Taxation issues does not cover under BIPAInternational taxation issues didn’t come under the Bilateral Investment Promotion and Protection Agreement i.e., Bipa between India and the Netherlands as prescribed by the Inter-Ministerial Group (IMG), which met on 12/05/2012 to draft a response to Vodafone’s notice threatening international arbitration.

As per the Business Standards: “It was a preliminary meeting. Bipa provisions were read out… All ministries were of the view that taxation issues are not covered under the Bipa,” said a finance ministry official after the meeting, adding the money for the deal came from over 20 companies. The group, headed by Finance Secretary R S Gujral, will meet again next week. It has time till October to respond to the notice. The ministry may send its reply once the Finance Act is enacted.

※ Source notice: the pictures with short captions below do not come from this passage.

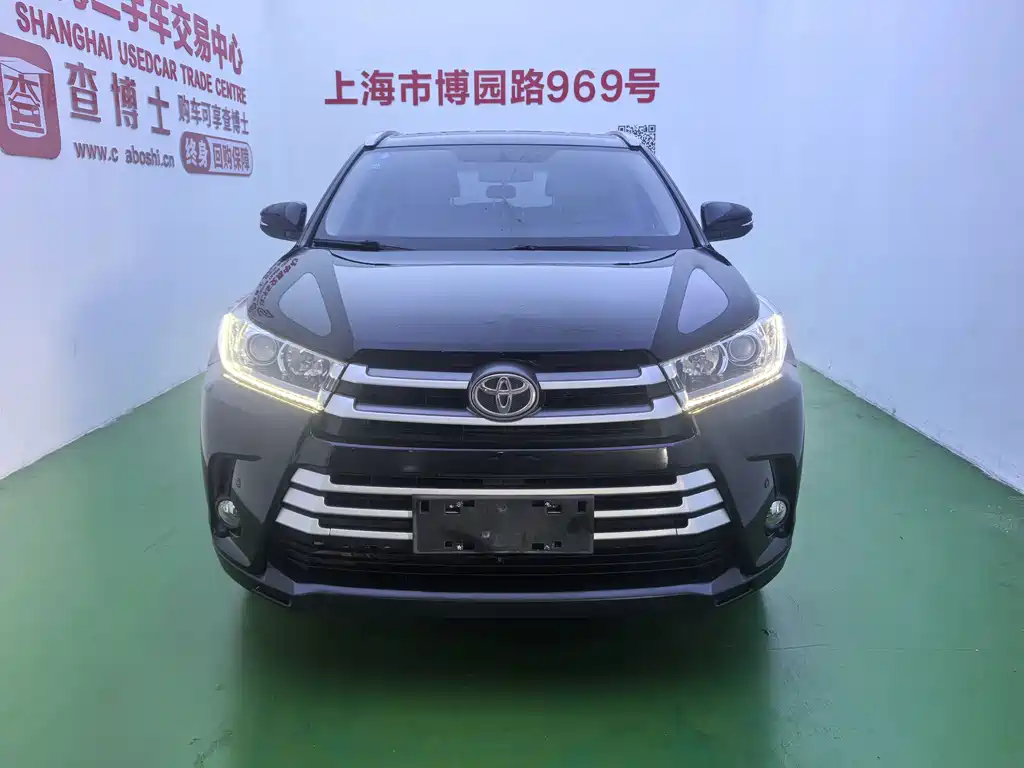 Toyota Highlander — миниатюра 2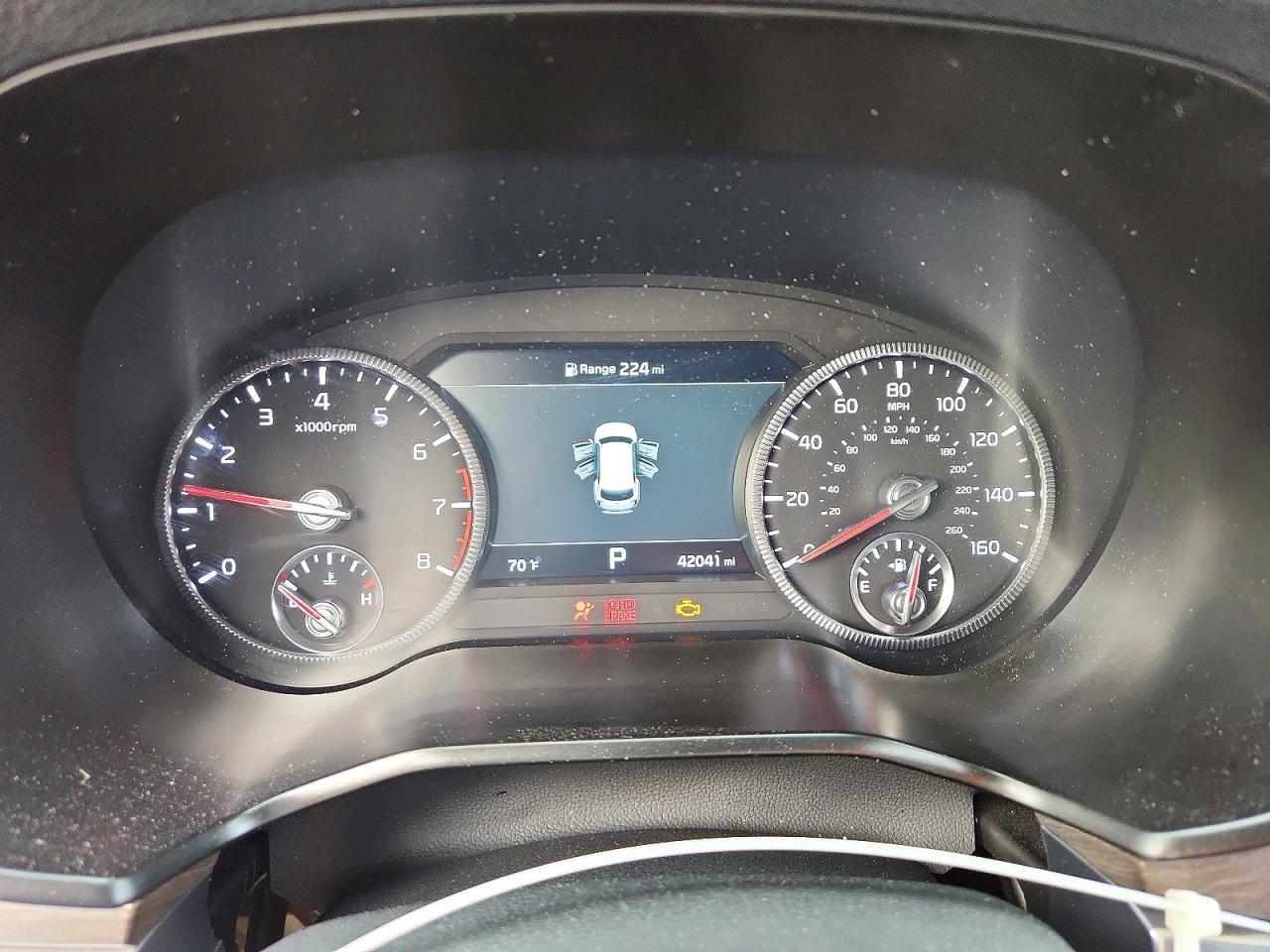 2021 Kia Telluride Sx - zdjęcie 9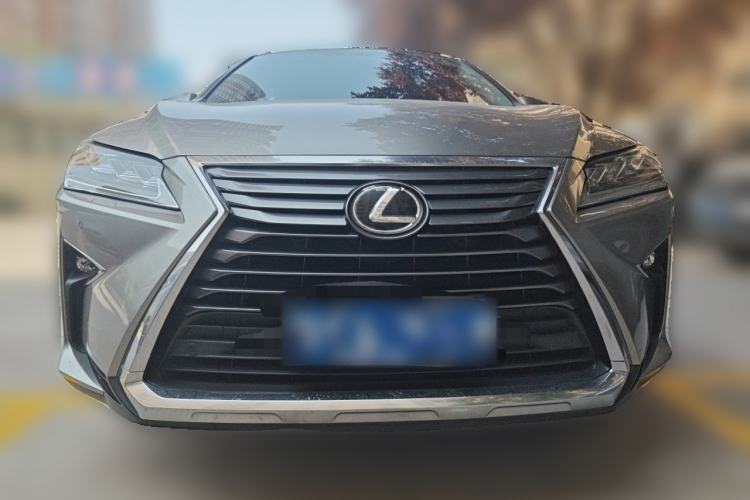 Used Lexus RX 2016 300 4x4 Elegant Edition China V-standard Front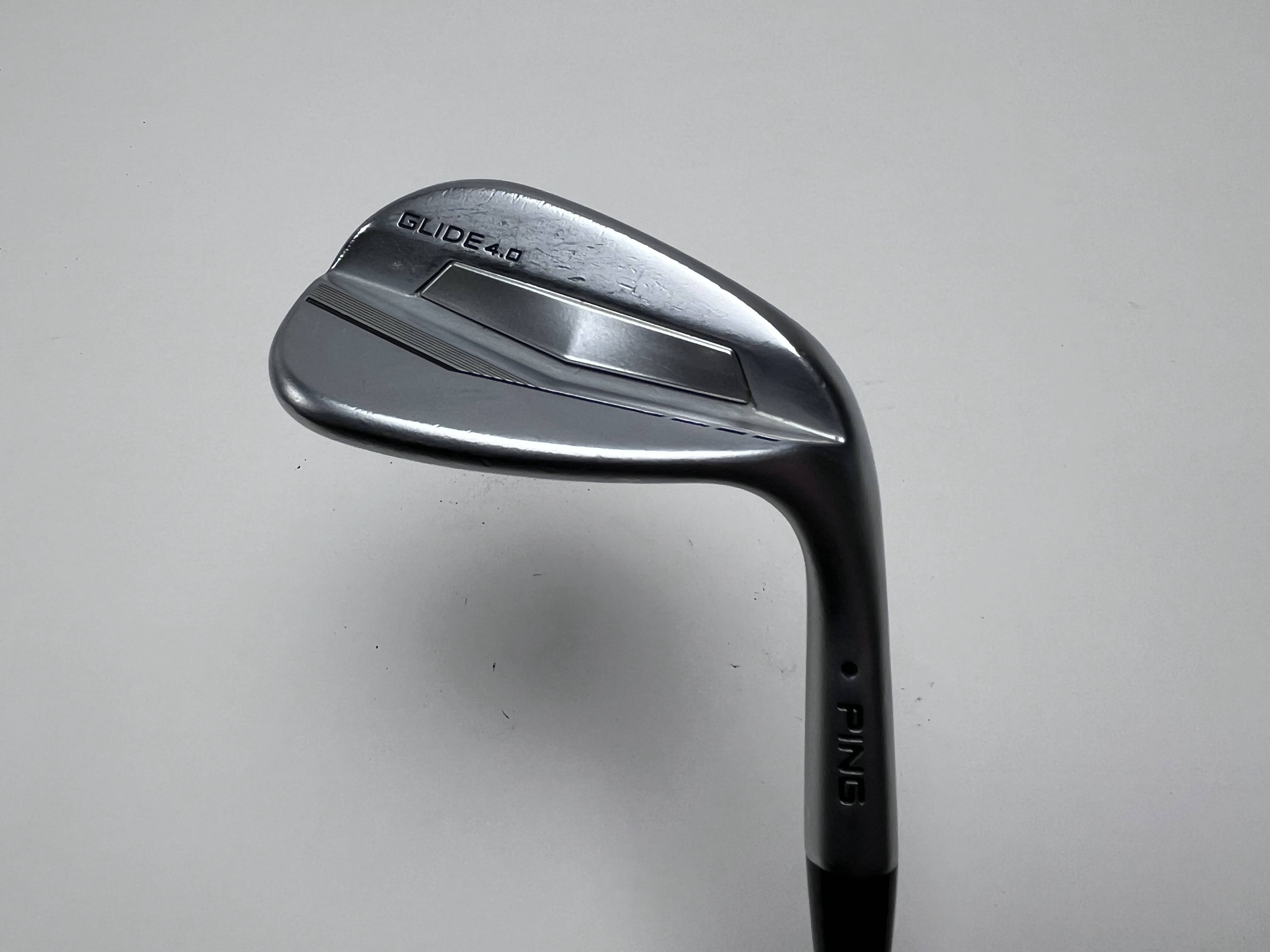 Ping Glide 4.0 Wedge 50* 12 Bounce S-Grind Black Dot S300 120g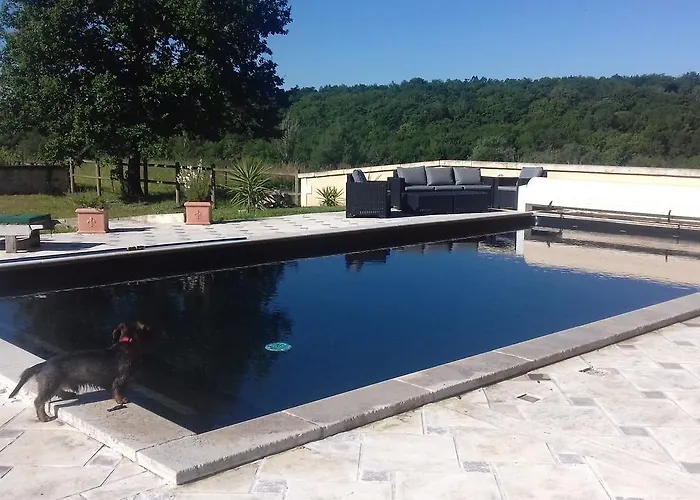 La Faisanderie 16 Bed & Breakfast Edon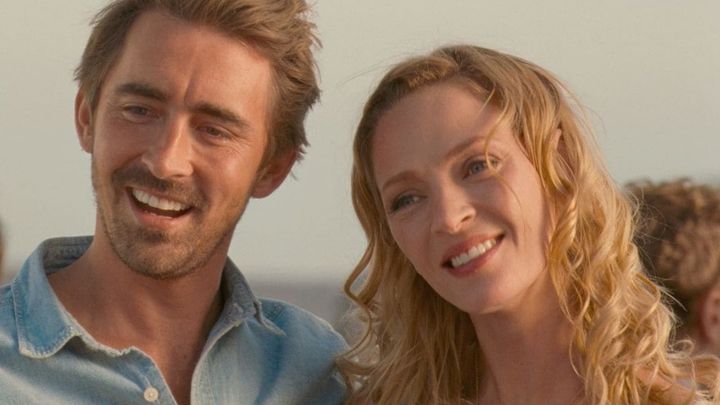 Una scena tratta dal film Ceremony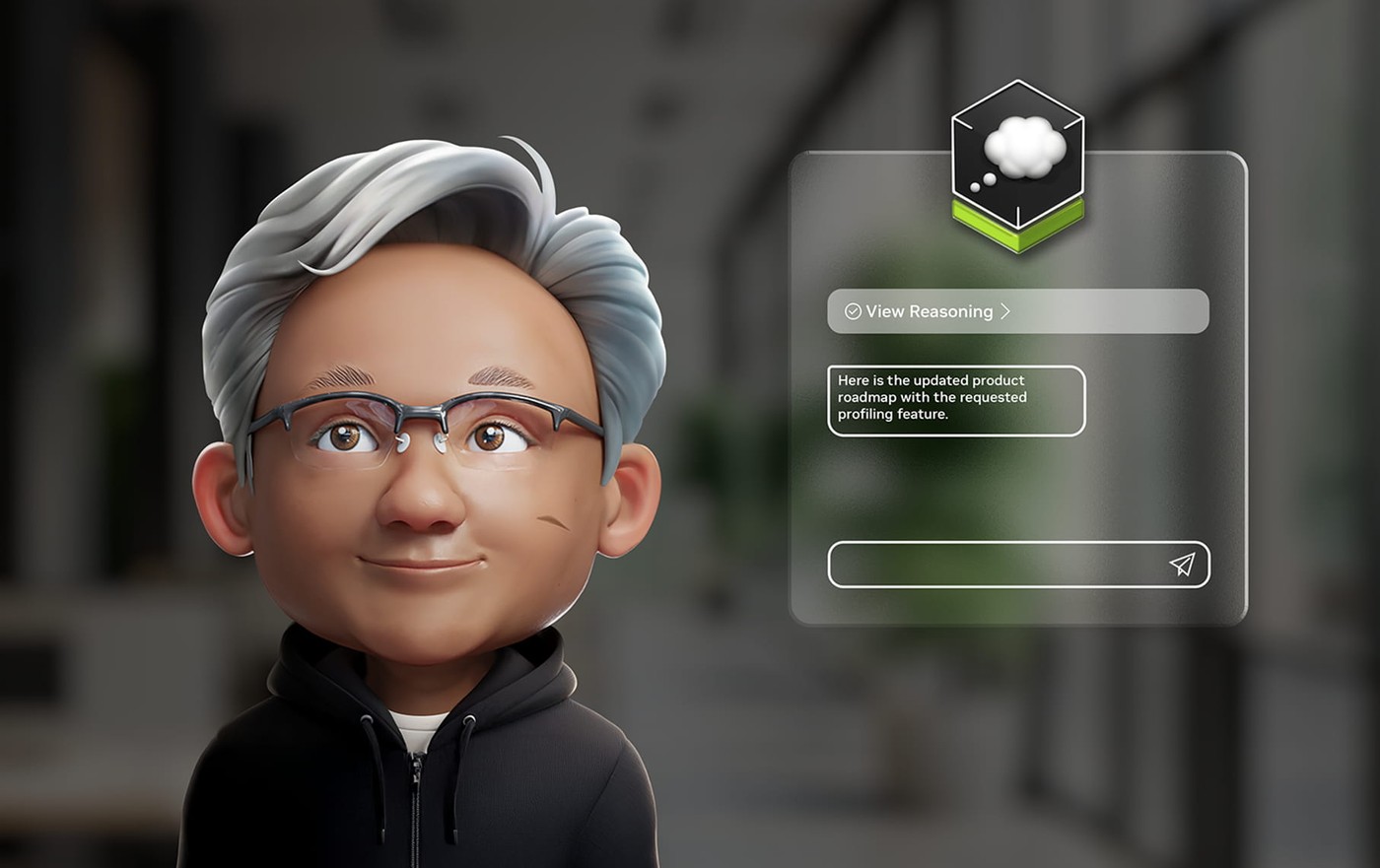 AI Models by NVIDIA Try NVIDIA NIM APIs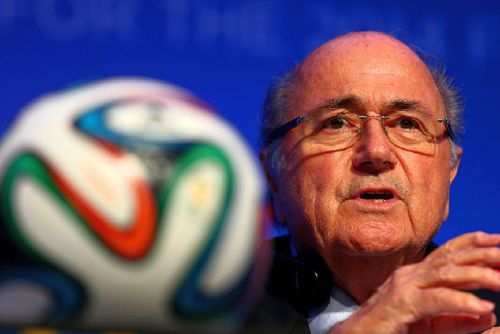 Sepp Blatter / Sursă foto: Guliver/Getty Images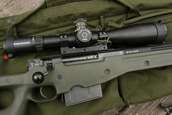 Accuracy International Arctic Warfare Super Magnum AWSM rifle, caliber .338 Lapua Magnum
 - photo 35 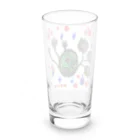 新堂本舗のホラーちゃん Long Sized Water Glass :back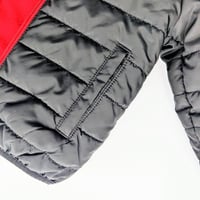 Image 4 of Nike Toddler Hooded Puffer Jacket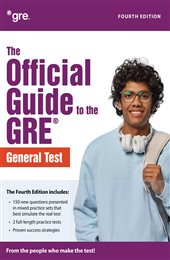 The Official Guide to the GRE Test, Fourth Edition (4th ed.)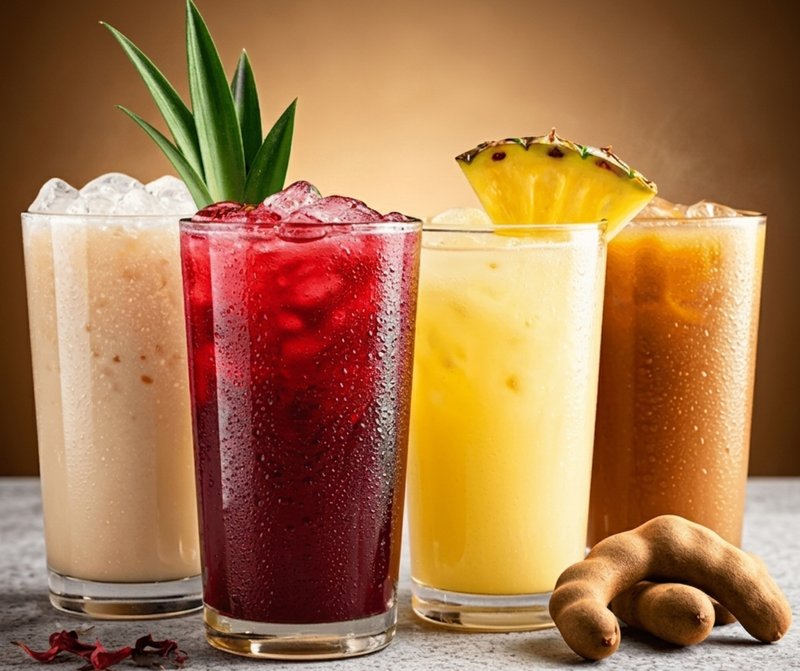 Bebidas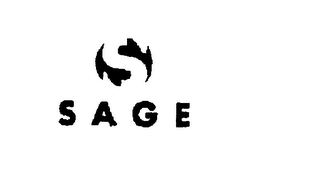 S SAGE logo
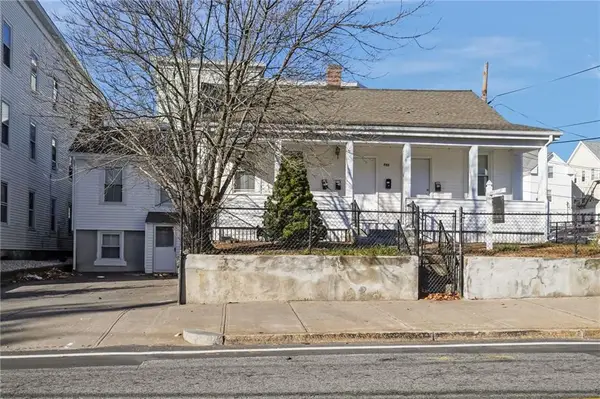 752 Social Street, Woonsocket, RI 02895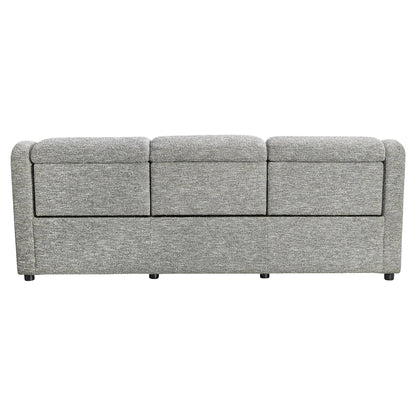 Gio Fabric Power Motion Sofa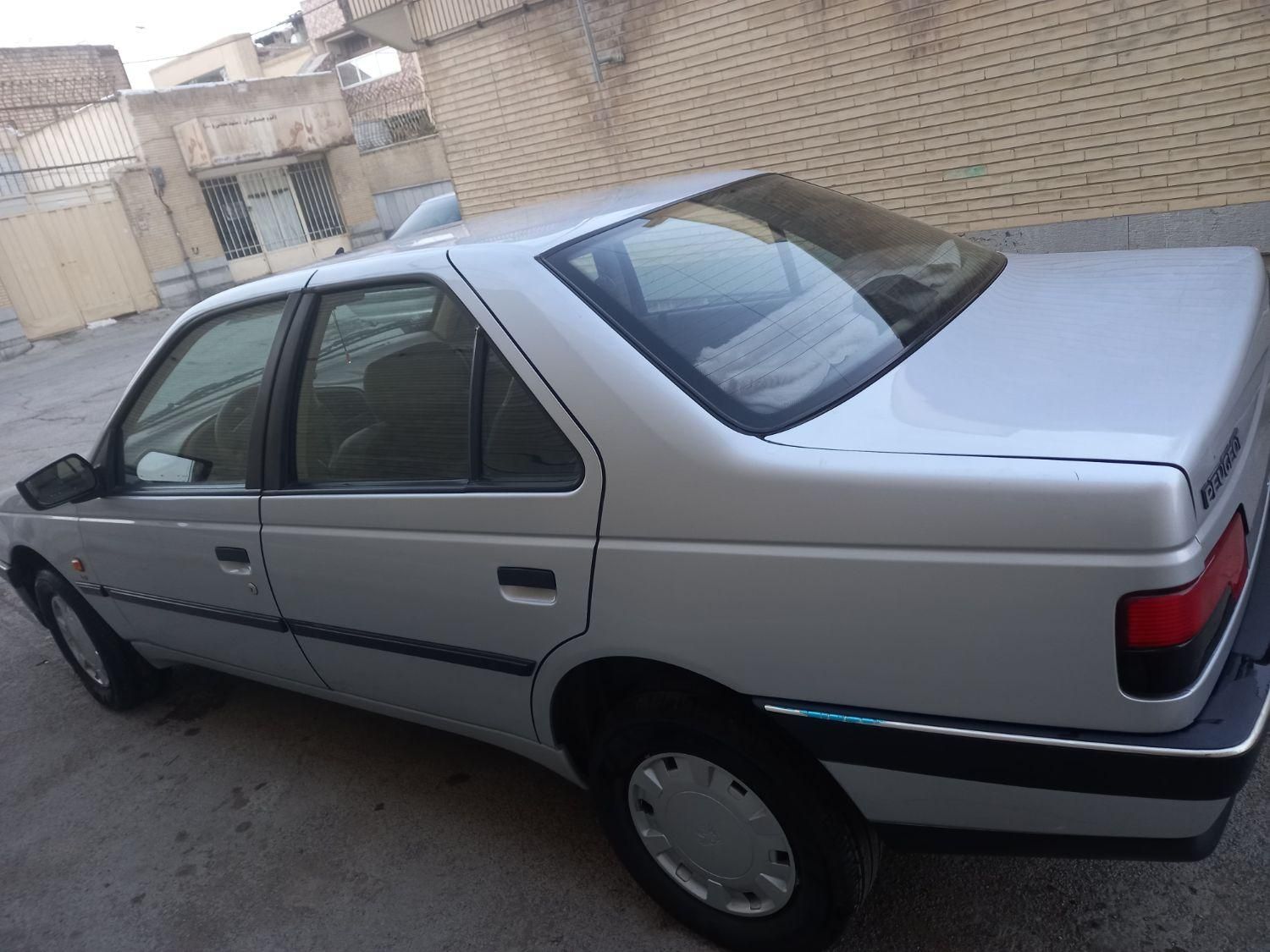 پژو 405 GLX - 1391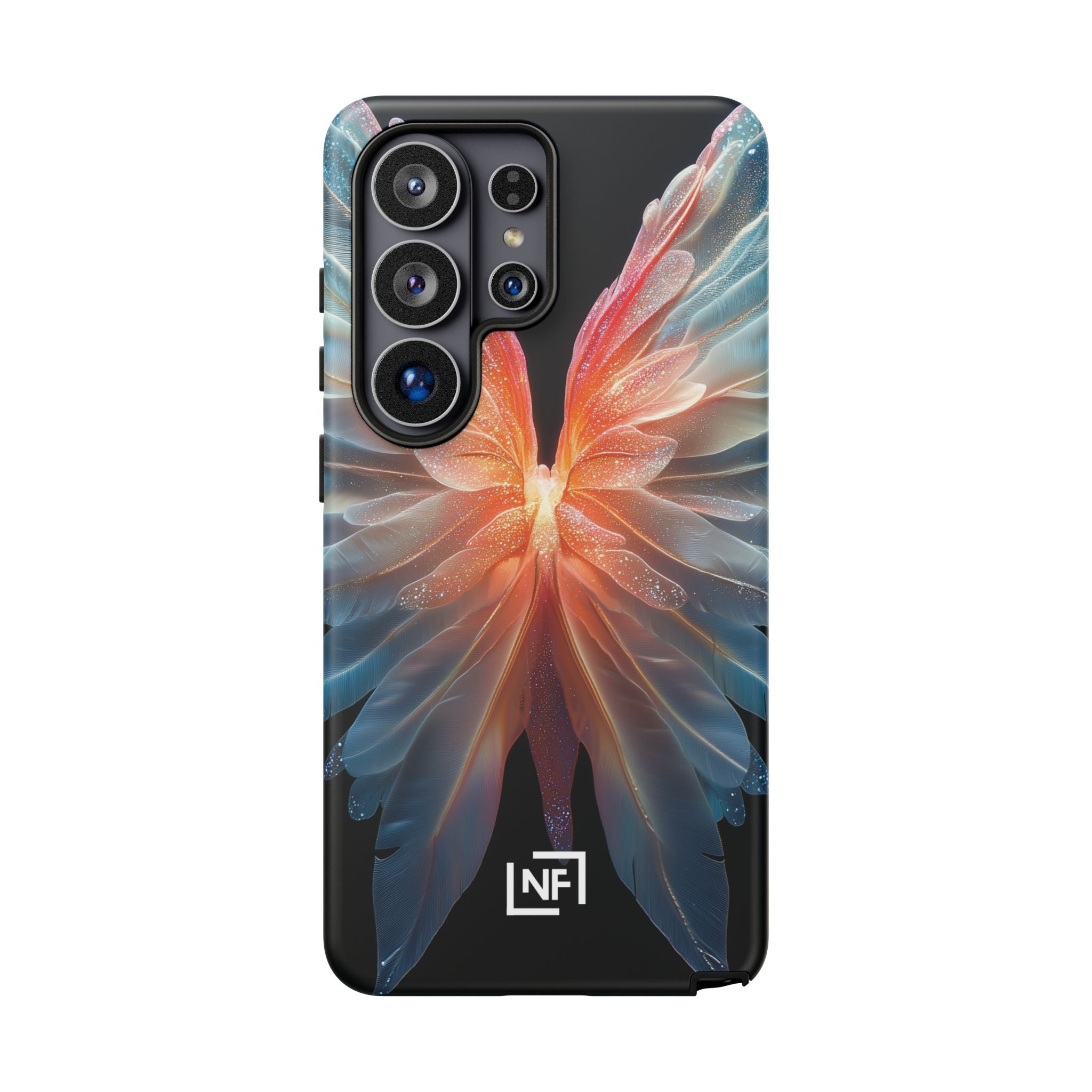 "Luminescent Wings" Tough Cases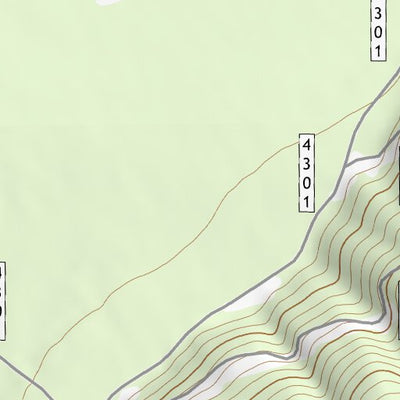 42121NW Page 53 Williamson River Topo Preview 2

The group also comprises secretaries of the Department of Economic Affairs, the law ministry, the telecom ministry and the external affairs ministry.

Last month, Vodafone served the notice as an investor defined under Article 1(d) of the treaty. Its Dutch subsidiary Vodafone International Holdings BV served the notice, asking the government to abandon or amend retrospective aspects of the proposed Finance Bill 2012 or face arbitration proceedings.

Officials said the Bipa specifically excludes Vodafone-like tax transactions and that taxation issues are dealt with separately under Double Taxation Avoidance Agreements.

The provisions of the treaty states “in respect of grant of national treatment and most favoured nation treatment shall not apply in respect of any international agreement or arrangement relating wholly or mainly to taxation”.

Vodafone, however, had stated, “The treaty explicitly applies to indirect investments and our transaction is therefore clearly one which qualifies for Treaty protection.”

The detailed reply may also include other arguments stating why the Bipa could not be invoked in this case. The finance ministry has also argued that the deal was signed in Cayman Islands, and did not bring any foreign direct investment into India.